About the Author(s)


Waleed Alghamdi symbol
Department of Optometry, College of Applied Medical Sciences, Qassim University, Buraidah, Saudi Arabia

Godwin O. Ovenseri-Ogbomo Email symbol
Department of Optometry, Faculty of Life Sciences, University of Benin, Benin, Nigeria

Citation


Alghamdi W, Ovenseri-Ogbomo GO. The prevalence and causes of visual impairment in Dariyah, a rural community in Saudi Arabia. Afr Vision Eye Health. 2021;80(1), a579. https://doi.org/10.4102/aveh.v80i1.579

Original Research

The prevalence and causes of visual impairment in Dariyah, a rural community in Saudi Arabia

Waleed Alghamdi, Godwin O. Ovenseri-Ogbomo

Received: 21 May 2020; Accepted: 04 Apr. 2021; Published: 09 July 2021

Copyright: © 2021. The Author(s). Licensee: AOSIS.
This is an Open Access article distributed under the terms of the Creative Commons Attribution License, which permits unrestricted use, distribution, and reproduction in any medium, provided the original work is properly cited.

Abstract

Background: Visual impairment is disproportionately distributed between rural and urban dwellers. Rural dwellers have limited access to the eye care services that are available in urban cities.

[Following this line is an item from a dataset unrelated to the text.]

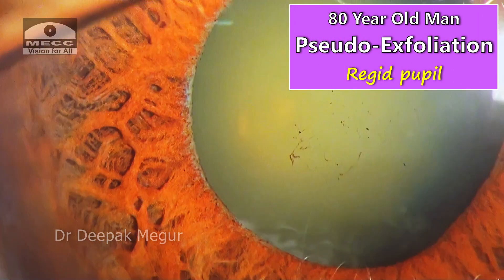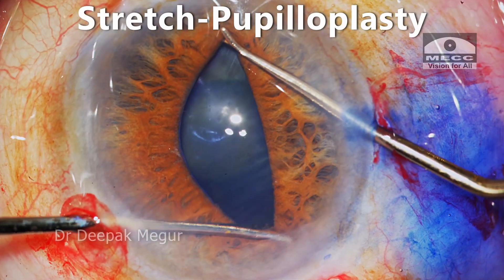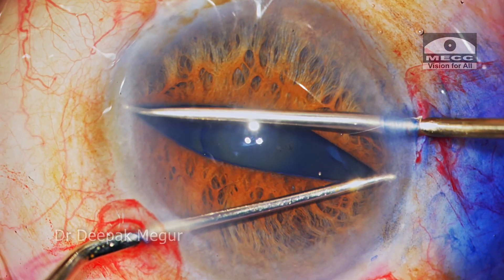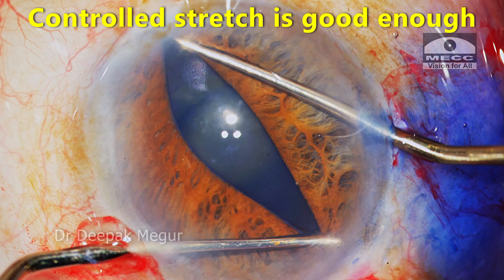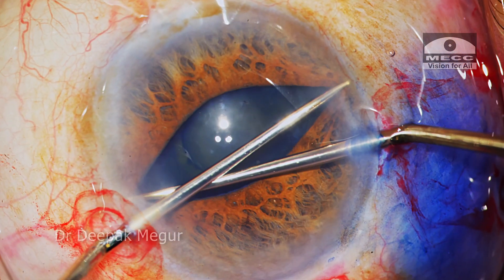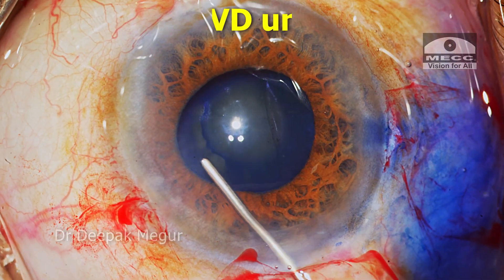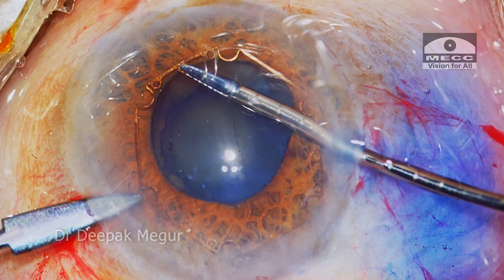This is an 80-year-old man with pseudo-exfoliation and a rigid pupil. I'm using Y-hooks to stretch the pupil. I'm intentionally not stretching it very wide — I don't want the sphincter to tear. Controlled stretching is good enough in most cases. The stretching is done in diagonally opposite directions, and once done, it is time to place the BX ring. The Ovid is placed under the iris and then the three pairs of notches are engaged onto the pupillary margin.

Aim: The aim of this study was to determine the prevalence and causes of visual impairment in Dariyah, a rural community in the Qassim region, Saudi Arabia.

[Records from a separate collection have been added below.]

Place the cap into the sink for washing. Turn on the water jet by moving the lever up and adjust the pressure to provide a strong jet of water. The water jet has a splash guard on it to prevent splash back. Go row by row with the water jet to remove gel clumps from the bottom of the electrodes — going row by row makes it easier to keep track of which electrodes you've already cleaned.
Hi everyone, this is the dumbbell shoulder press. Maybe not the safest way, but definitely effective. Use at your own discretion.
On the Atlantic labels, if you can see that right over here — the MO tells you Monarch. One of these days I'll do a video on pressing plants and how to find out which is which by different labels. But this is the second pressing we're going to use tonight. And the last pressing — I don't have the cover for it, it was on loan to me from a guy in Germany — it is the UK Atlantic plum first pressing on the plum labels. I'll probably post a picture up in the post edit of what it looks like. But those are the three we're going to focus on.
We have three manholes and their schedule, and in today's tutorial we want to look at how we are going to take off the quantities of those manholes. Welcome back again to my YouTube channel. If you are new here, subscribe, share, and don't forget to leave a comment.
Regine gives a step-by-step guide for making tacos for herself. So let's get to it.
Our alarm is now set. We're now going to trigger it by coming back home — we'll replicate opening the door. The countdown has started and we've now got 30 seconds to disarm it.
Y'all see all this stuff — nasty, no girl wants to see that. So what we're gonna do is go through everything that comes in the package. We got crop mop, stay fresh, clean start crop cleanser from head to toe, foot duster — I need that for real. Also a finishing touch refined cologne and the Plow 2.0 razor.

Setting: This research comprised a population-based assessment of the vision and visual status of the inhabitants of Dariyah community.

Methods: A cross-sectional descriptive study was conducted amongst the inhabitants of the community of Dariyah. A comprehensive eye examination consisting of visual acuity, ocular health examination, objective and subjective refraction was performed. The examinations were conducted by registered ophthalmologists and optometrists from the Qassim University. Vision impairments were categorised according to the International Classification of Diseases (ICD), Section 9D90, ‘Vision impairment including blindness’ (2018).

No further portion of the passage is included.